Write out the lines of the material below exactly, beginning at the line with "越共中央总书记阮富仲会见中共总书记特使" and stopping after the line with "Ford Crown Victoria LX 4-Door 1987", and leave out the pictures.

#### Records shown
┌────────

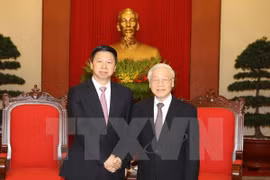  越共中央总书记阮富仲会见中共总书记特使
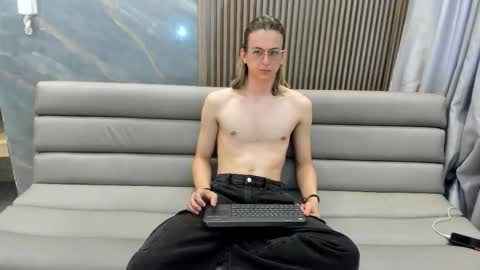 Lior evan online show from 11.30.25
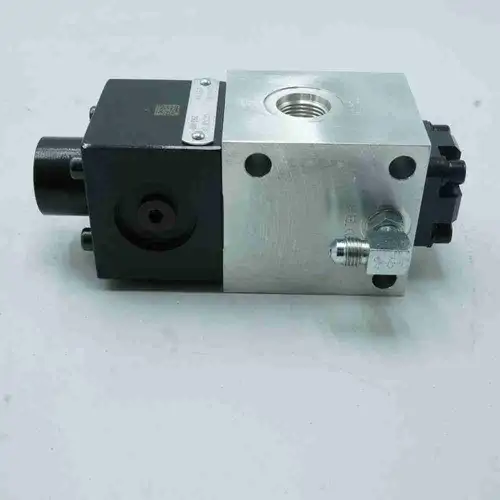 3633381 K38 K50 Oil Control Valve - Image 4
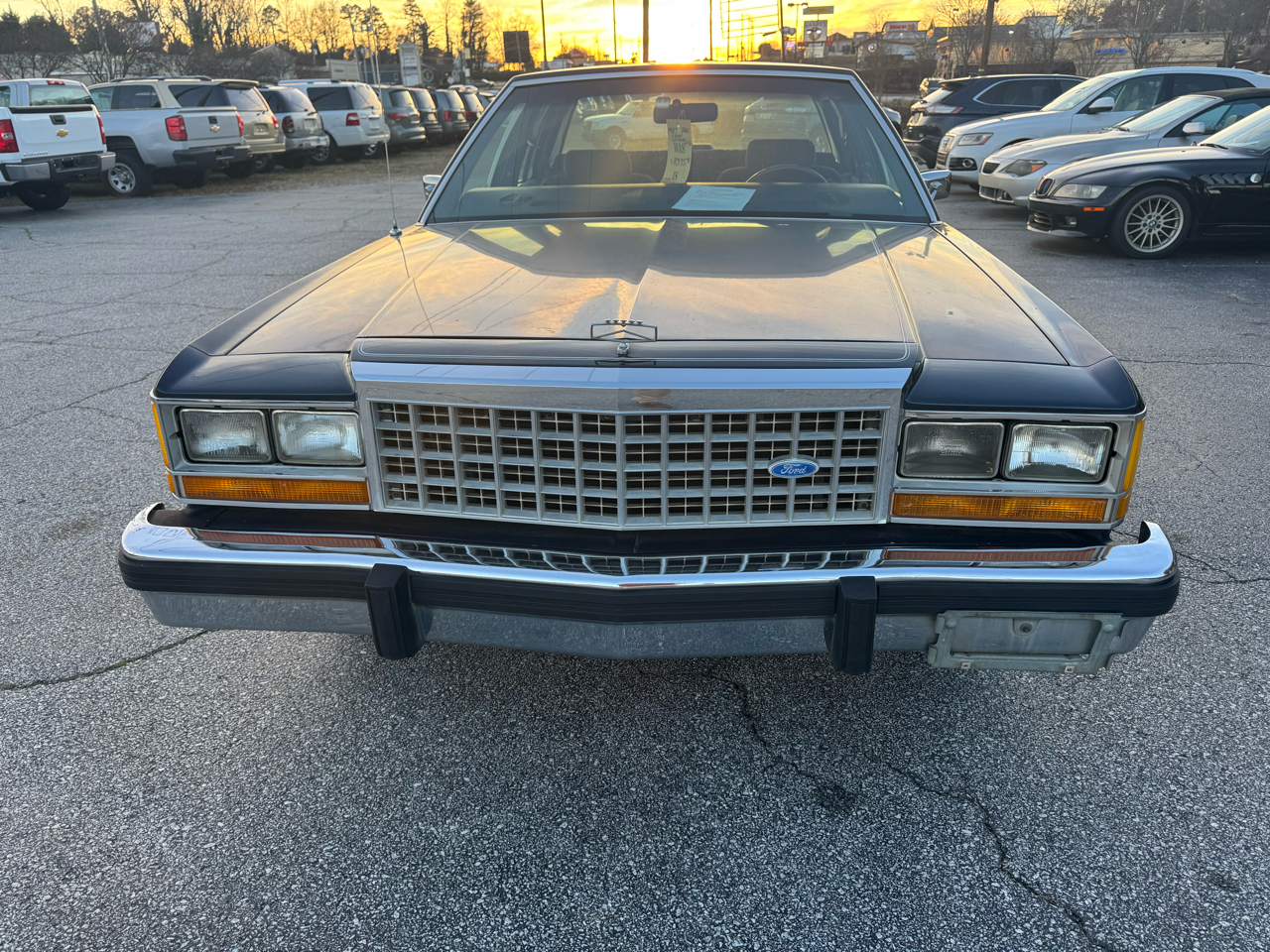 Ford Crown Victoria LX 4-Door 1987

└────────
┌────────

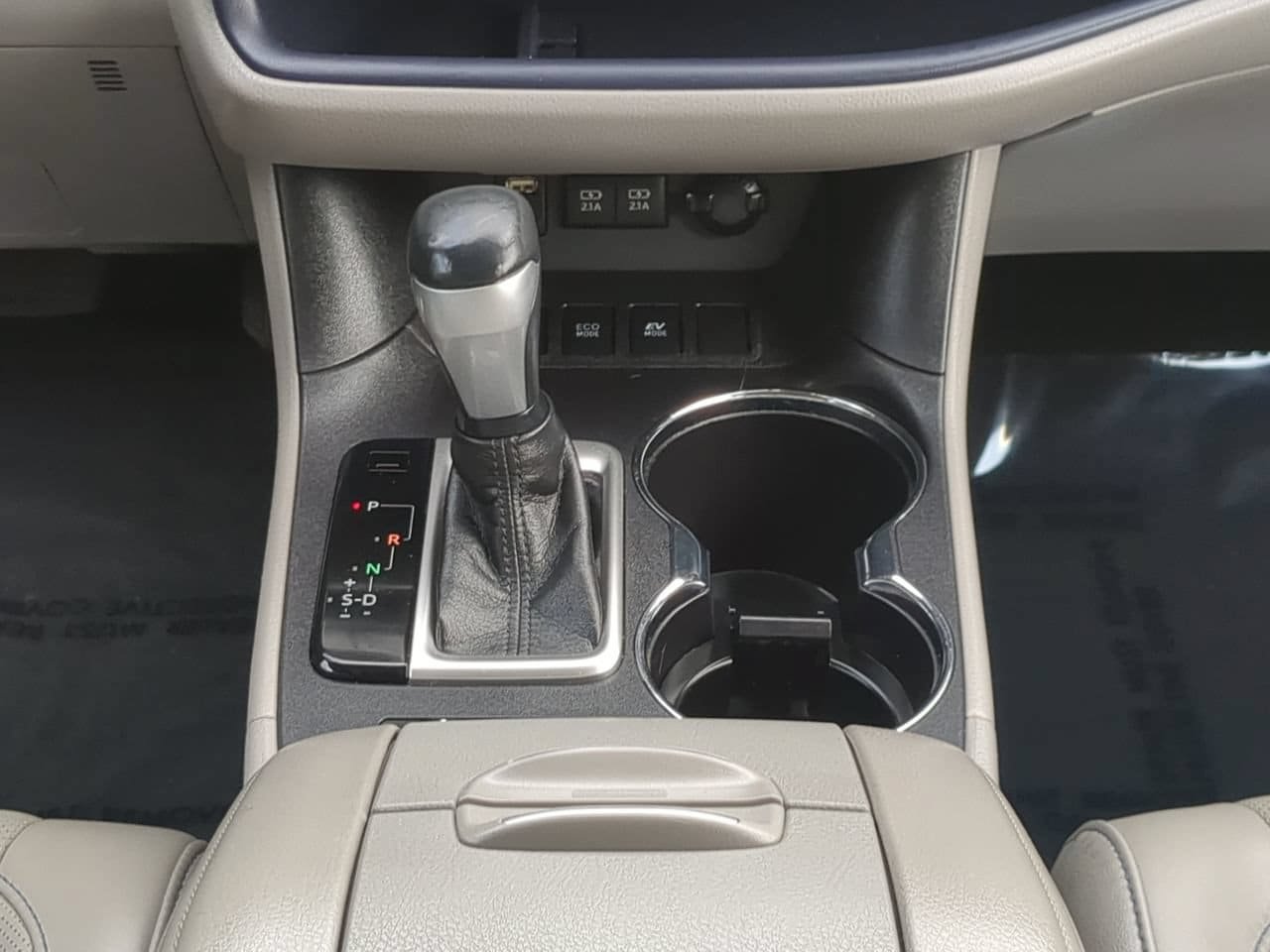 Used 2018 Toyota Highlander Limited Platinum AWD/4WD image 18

└────────

#### Exercise response
  越共中央总书记阮富仲会见中共总书记特使
 Lior evan online show from 11.30.25
 3633381 K38 K50 Oil Control Valve - Image 4
 Ford Crown Victoria LX 4-Door 1987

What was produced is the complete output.